## Work order
Take the data that follows and return it exactly.

*** Material for this task Section Begins ***

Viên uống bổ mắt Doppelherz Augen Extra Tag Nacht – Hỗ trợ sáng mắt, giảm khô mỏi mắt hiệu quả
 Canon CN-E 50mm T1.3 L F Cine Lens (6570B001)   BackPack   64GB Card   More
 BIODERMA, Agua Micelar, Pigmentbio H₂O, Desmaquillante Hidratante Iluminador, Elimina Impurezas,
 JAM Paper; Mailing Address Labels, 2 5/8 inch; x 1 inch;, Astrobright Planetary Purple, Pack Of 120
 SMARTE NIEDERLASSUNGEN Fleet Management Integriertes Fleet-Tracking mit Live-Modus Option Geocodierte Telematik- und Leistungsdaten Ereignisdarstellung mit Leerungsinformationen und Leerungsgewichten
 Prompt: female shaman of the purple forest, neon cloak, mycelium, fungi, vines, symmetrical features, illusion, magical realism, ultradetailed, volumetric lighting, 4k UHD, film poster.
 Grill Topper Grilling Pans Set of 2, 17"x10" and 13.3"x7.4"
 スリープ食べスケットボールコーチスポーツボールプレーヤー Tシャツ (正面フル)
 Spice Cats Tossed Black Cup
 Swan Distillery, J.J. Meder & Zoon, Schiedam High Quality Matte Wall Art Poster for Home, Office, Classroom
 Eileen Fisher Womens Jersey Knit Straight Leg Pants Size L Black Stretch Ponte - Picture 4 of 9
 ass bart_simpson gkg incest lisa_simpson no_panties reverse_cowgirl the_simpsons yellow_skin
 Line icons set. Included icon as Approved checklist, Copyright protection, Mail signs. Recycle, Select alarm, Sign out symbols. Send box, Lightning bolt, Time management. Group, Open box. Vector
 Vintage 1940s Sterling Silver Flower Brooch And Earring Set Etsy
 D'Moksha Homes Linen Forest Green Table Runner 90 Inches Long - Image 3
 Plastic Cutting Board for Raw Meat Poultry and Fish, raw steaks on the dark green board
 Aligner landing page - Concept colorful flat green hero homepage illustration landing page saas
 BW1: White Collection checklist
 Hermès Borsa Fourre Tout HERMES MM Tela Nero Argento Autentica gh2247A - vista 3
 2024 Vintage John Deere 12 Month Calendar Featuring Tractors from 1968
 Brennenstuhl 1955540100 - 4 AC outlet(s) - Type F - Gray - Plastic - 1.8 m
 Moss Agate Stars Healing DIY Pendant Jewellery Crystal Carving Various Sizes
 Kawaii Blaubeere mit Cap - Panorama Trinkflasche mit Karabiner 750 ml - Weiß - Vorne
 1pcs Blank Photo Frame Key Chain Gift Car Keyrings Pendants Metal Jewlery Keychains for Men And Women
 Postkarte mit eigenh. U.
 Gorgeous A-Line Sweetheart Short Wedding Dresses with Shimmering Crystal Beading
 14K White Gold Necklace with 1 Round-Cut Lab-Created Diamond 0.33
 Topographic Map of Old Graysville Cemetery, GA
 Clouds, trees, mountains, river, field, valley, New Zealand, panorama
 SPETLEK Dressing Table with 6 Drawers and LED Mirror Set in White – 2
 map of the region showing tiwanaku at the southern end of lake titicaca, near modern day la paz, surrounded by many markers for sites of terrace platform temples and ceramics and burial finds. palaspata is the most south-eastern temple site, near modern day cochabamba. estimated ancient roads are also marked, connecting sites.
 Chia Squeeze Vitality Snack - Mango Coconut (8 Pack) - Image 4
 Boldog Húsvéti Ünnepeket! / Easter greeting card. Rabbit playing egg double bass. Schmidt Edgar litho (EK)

*** Material for this task Section Ends ***

## Worked solution
Viên uống bổ mắt Doppelherz Augen Extra Tag Nacht – Hỗ trợ sáng mắt, giảm khô mỏi mắt hiệu quả
 Canon CN-E 50mm T1.3 L F Cine Lens (6570B001)   BackPack   64GB Card   More
 BIODERMA, Agua Micelar, Pigmentbio H₂O, Desmaquillante Hidratante Iluminador, Elimina Impurezas,
 JAM Paper; Mailing Address Labels, 2 5/8 inch; x 1 inch;, Astrobright Planetary Purple, Pack Of 120
 SMARTE NIEDERLASSUNGEN Fleet Management Integriertes Fleet-Tracking mit Live-Modus Option Geocodierte Telematik- und Leistungsdaten Ereignisdarstellung mit Leerungsinformationen und Leerungsgewichten
 Prompt: female shaman of the purple forest, neon cloak, mycelium, fungi, vines, symmetrical features, illusion, magical realism, ultradetailed, volumetric lighting, 4k UHD, film poster.
 Grill Topper Grilling Pans Set of 2, 17"x10" and 13.3"x7.4"
 スリープ食べスケットボールコーチスポーツボールプレーヤー Tシャツ (正面フル)
 Spice Cats Tossed Black Cup
 Swan Distillery, J.J. Meder & Zoon, Schiedam High Quality Matte Wall Art Poster for Home, Office, Classroom
 Eileen Fisher Womens Jersey Knit Straight Leg Pants Size L Black Stretch Ponte - Picture 4 of 9
 ass bart_simpson gkg incest lisa_simpson no_panties reverse_cowgirl the_simpsons yellow_skin
 Line icons set. Included icon as Approved checklist, Copyright protection, Mail signs. Recycle, Select alarm, Sign out symbols. Send box, Lightning bolt, Time management. Group, Open box. Vector
 Vintage 1940s Sterling Silver Flower Brooch And Earring Set Etsy
 D'Moksha Homes Linen Forest Green Table Runner 90 Inches Long - Image 3
 Plastic Cutting Board for Raw Meat Poultry and Fish, raw steaks on the dark green board
 Aligner landing page - Concept colorful flat green hero homepage illustration landing page saas
 BW1: White Collection checklist
 Hermès Borsa Fourre Tout HERMES MM Tela Nero Argento Autentica gh2247A - vista 3
 2024 Vintage John Deere 12 Month Calendar Featuring Tractors from 1968
 Brennenstuhl 1955540100 - 4 AC outlet(s) - Type F - Gray - Plastic - 1.8 m
 Moss Agate Stars Healing DIY Pendant Jewellery Crystal Carving Various Sizes
 Kawaii Blaubeere mit Cap - Panorama Trinkflasche mit Karabiner 750 ml - Weiß - Vorne
 1pcs Blank Photo Frame Key Chain Gift Car Keyrings Pendants Metal Jewlery Keychains for Men And Women
 Postkarte mit eigenh. U.
 Gorgeous A-Line Sweetheart Short Wedding Dresses with Shimmering Crystal Beading
 14K White Gold Necklace with 1 Round-Cut Lab-Created Diamond 0.33
 Topographic Map of Old Graysville Cemetery, GA
 Clouds, trees, mountains, river, field, valley, New Zealand, panorama
 SPETLEK Dressing Table with 6 Drawers and LED Mirror Set in White – 2
 map of the region showing tiwanaku at the southern end of lake titicaca, near modern day la paz, surrounded by many markers for sites of terrace platform temples and ceramics and burial finds. palaspata is the most south-eastern temple site, near modern day cochabamba. estimated ancient roads are also marked, connecting sites.
 Chia Squeeze Vitality Snack - Mango Coconut (8 Pack) - Image 4
 Boldog Húsvéti Ünnepeket! / Easter greeting card. Rabbit playing egg double bass. Schmidt Edgar litho (EK)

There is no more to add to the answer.